Open a terminal window and change directory to:

>cd ubiquitin_tutorial/bin

A directory listing should give:

>ls
modelfree4		pdbinertia		quadric_diffusion	r2r1_diffusion		r2r1_tm			r2r1ratio

Make certain that the executable versions in this directory run on your computer. If not, email Arthur Palmer (agp6@columbia.edu) to obtain executables for your machine.

Open a terminal window and change directory to:

>cd ubiquitin_tutorial/tutorial

A directory listing should give:

>ls
1ubq.prot.pdb	NOE.dat		R1.dat		R2.dat		fastMF13	setupFMF

Any other files can be removed.
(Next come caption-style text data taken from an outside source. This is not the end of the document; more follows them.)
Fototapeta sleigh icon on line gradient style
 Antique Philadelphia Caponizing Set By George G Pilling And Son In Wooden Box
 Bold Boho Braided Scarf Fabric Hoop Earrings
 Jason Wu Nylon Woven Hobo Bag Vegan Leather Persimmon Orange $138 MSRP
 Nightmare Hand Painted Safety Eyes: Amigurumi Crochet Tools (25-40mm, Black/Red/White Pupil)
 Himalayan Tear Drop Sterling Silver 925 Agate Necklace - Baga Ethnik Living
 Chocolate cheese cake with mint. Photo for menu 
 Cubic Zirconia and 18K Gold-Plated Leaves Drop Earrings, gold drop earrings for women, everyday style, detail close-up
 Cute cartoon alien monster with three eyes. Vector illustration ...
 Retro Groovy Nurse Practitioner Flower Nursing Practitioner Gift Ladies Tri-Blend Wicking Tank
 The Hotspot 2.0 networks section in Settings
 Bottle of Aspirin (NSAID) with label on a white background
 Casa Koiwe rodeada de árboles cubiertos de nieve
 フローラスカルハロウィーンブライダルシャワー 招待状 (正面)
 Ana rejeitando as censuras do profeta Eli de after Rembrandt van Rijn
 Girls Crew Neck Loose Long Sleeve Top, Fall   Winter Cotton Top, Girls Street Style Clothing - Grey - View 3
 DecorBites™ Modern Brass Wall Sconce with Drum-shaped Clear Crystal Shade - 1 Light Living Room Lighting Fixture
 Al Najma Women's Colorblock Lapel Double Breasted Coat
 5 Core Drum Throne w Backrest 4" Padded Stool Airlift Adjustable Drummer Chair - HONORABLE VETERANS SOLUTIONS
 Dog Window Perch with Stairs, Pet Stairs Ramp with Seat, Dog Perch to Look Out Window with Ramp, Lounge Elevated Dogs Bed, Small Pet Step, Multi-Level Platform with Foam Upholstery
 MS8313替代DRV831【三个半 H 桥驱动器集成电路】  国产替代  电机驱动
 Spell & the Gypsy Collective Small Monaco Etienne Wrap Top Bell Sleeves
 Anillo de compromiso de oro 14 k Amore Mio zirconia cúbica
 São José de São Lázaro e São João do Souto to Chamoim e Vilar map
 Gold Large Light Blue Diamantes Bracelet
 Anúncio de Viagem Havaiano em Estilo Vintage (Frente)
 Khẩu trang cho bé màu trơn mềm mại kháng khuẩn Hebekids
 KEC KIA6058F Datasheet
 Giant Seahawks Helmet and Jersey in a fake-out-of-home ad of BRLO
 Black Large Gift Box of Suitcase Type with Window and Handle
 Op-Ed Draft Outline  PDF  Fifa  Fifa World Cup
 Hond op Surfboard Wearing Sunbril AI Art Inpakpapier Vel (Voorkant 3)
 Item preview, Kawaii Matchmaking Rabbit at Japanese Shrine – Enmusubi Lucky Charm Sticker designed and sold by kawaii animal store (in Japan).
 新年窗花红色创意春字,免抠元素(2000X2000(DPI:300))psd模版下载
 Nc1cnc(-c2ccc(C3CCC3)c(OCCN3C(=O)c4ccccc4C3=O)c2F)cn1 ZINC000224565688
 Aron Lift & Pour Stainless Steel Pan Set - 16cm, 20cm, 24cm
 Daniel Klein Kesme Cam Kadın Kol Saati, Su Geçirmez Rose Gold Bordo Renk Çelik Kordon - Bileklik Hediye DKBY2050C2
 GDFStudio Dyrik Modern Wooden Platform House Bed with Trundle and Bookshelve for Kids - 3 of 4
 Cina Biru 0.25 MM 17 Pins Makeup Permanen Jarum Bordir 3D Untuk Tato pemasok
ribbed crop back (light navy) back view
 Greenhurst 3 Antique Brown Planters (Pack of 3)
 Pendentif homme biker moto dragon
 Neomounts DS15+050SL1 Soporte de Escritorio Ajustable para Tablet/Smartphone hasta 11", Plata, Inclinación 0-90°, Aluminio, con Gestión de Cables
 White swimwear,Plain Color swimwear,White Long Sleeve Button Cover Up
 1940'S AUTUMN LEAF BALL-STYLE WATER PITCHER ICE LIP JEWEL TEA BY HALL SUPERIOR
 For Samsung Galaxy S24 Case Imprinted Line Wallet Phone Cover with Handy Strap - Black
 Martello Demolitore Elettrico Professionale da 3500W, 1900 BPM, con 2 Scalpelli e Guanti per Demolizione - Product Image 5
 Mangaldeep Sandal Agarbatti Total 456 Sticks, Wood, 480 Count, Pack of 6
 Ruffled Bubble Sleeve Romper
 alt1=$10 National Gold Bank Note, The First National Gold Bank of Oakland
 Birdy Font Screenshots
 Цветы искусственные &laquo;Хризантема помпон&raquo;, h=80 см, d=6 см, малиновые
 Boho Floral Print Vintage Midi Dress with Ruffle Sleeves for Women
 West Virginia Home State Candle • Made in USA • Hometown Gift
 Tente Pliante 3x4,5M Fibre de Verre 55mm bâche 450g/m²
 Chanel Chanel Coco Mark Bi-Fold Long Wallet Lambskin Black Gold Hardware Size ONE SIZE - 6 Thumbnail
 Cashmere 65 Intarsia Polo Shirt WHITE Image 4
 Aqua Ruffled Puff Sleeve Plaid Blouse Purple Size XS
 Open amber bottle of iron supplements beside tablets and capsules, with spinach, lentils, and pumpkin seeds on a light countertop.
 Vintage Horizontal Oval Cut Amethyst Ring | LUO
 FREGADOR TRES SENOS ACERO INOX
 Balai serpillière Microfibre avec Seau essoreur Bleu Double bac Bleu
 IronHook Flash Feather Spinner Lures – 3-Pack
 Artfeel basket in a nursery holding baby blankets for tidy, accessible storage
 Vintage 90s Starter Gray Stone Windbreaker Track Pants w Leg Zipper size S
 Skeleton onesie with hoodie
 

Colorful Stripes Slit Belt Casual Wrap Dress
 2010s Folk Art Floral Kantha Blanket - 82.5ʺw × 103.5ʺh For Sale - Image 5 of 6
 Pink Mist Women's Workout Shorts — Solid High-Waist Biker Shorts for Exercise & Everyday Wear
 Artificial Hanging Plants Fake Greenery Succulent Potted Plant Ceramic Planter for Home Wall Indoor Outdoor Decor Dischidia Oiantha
Any missing files can be copied into this directory from the following locations:

ubiquitin_tutorial/pdb/1ubq.prot.pdb
ubiquitin_tutorial/rates/R1.dat
ubiquitin_tutorial/rates/R2.dat
ubiquitin_tutorial/rates/NOE.dat
ubiquitin_tutorial/FASTModelFree/setupFMF
ubiquitin_tutorial/FASTModelFree/fastMF13
     

Relaxation Data

1. Record R1, R2, NOE and process to optimize sensitivity and resolution as needed. Frequently, the spectra will be processed differently to obtain optimal results for resolved and partially overlapped resonances. The present data were recorded for ubiquitin at 298 K on a 500.13 MHz NMR spectrometer. Each rate constant should be recorded in a file with the format

		residue_number rate uncertainty

The residue_number field must increase numerically and should not include entries for residues with missing data. View the R1, R2, and NOE sample data.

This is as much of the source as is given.